Caption-style text data:
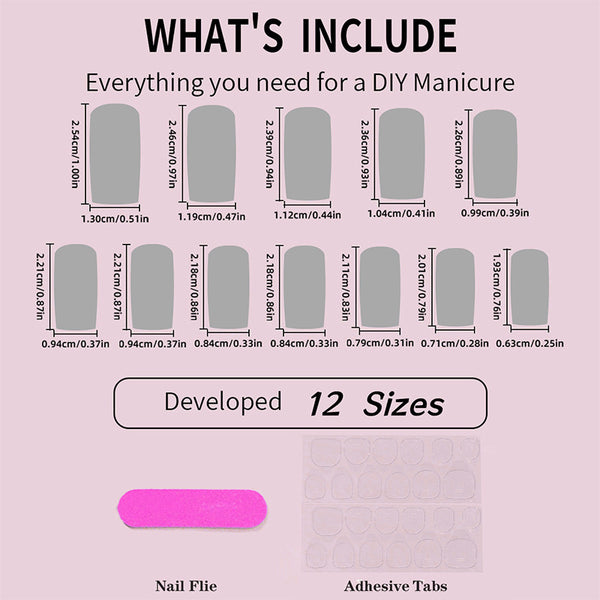 12 Sizes-24 Pcs Press On Nails K217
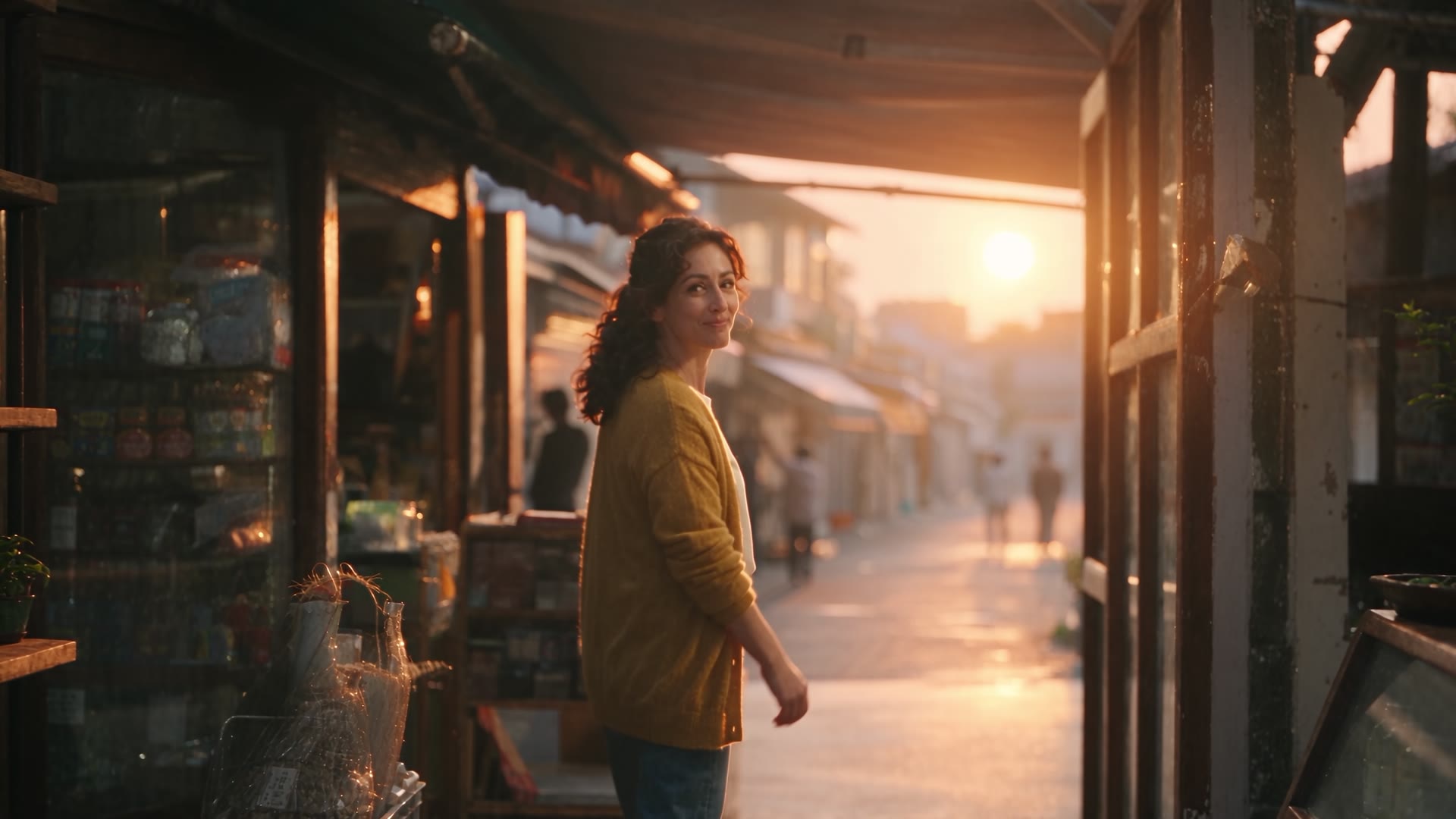 The shop owner looks back over her shoulder and smiles on a sunlit street.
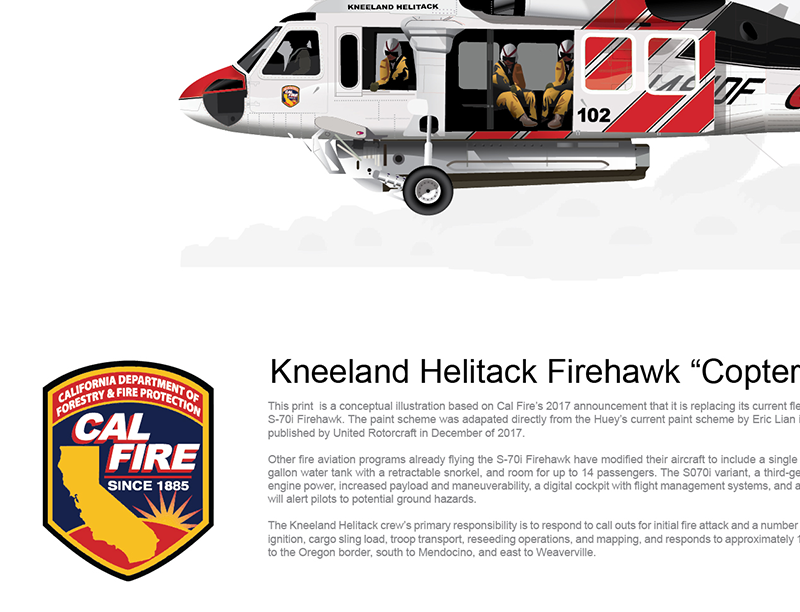 CAL FIRE Kneeland Helitack Sikorski Firehawk 'Copter 102' N493DF - Concept Paint Scheme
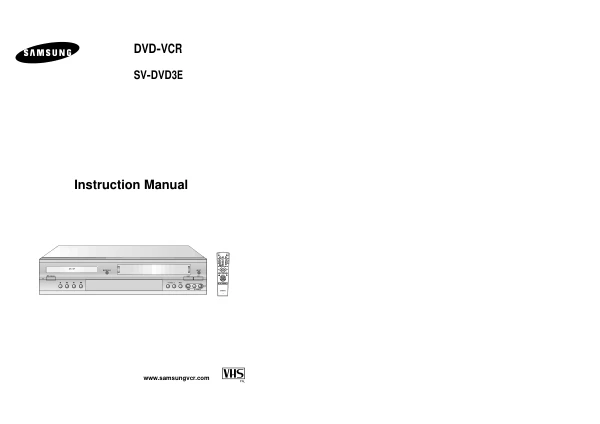 Cover of the Samsung SV-DVD3E UK operating instructions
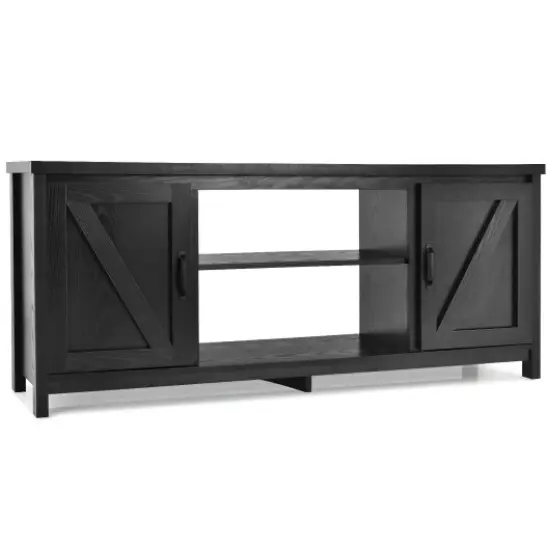 59 Inches TV Media Console Table with 2 Storage Cabinet and Adjustable Removable Shelf Brown {4}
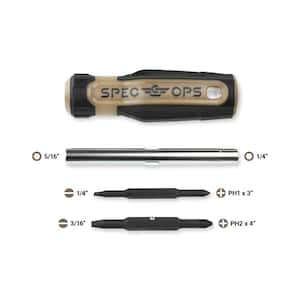 Multi-Bit Screwdriver, 6-in-1, Magnetized Double-Sided Bits, Cr-Mo Steel Shaft
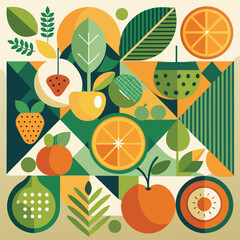 Abstract geometric pattern of farm food. Stylized poster with fruit and vegetables. Agriculture plants in cubism style. Contemporary art of healthy, natural, organic products. Flat vector illustration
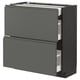 Modern dark grey METOD kitchen cabinet with sleek, handle-less design and multiple drawers.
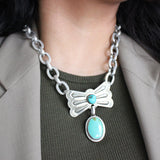 Santa Fe Silver Turquoise Concho Boss Necklace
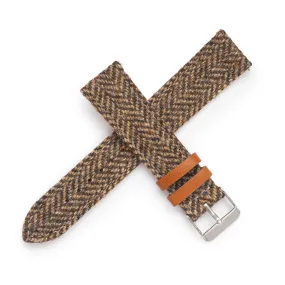 18mm 20mm 22mm Quick Release Wool / Leather Backed Watch Strap - Light Brown Tweed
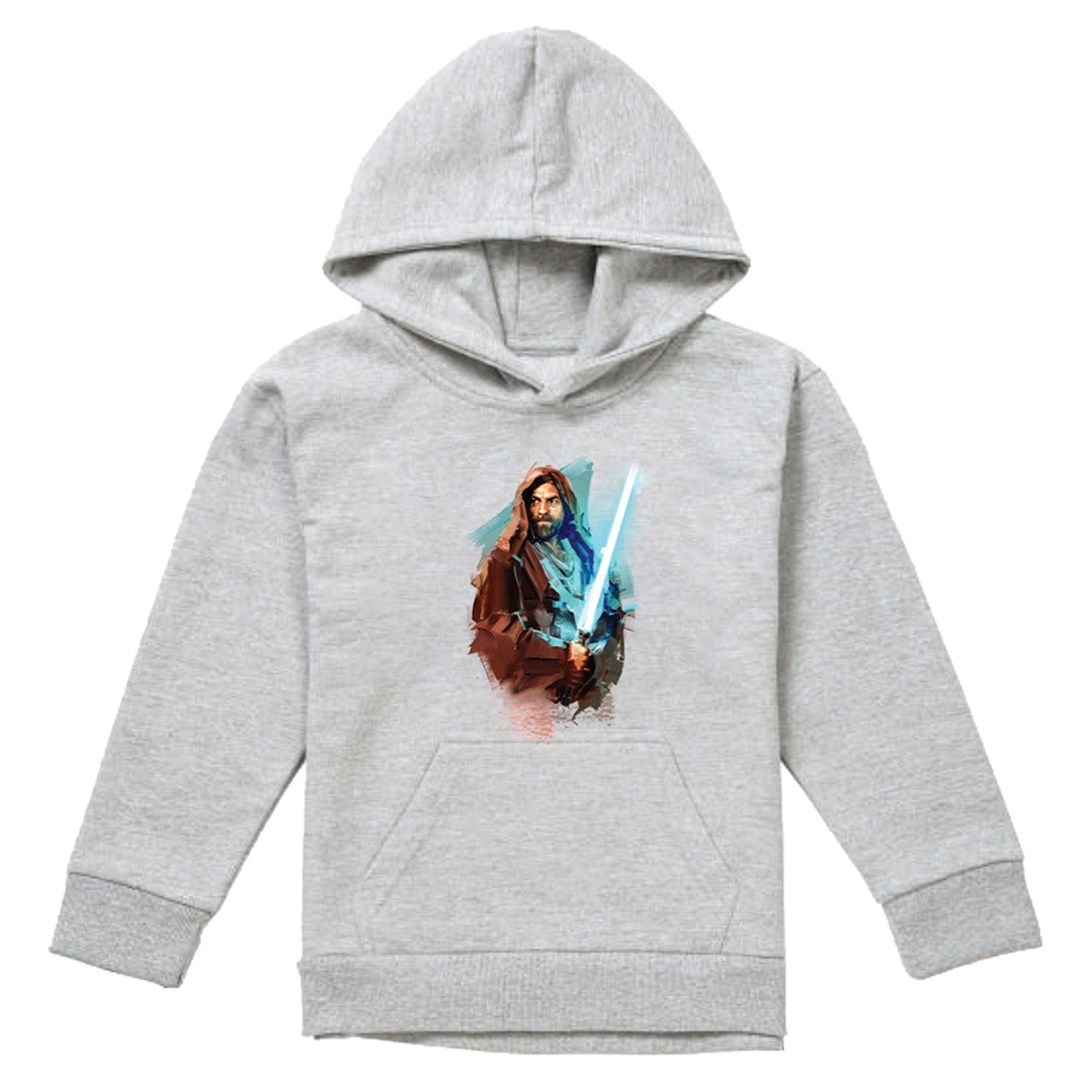 Athletic Heather - Front - Star Wars: Obi-Wan Kenobi Childrens-Kids Painted Pull Over Hoodie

■ **TASK TO CARRY OUT**
Using the records above, copy exactly and only the lines from the line with "Santa Fe Silver" through the end, both included; leave every picture out.

■ **YOUR RESPONSE**
 Santa Fe Silver Turquoise Concho Boss Necklace
 18mm 20mm 22mm Quick Release Wool / Leather Backed Watch Strap - Light Brown Tweed
 Athletic Heather - Front - Star Wars: Obi-Wan Kenobi Childrens-Kids Painted Pull Over Hoodie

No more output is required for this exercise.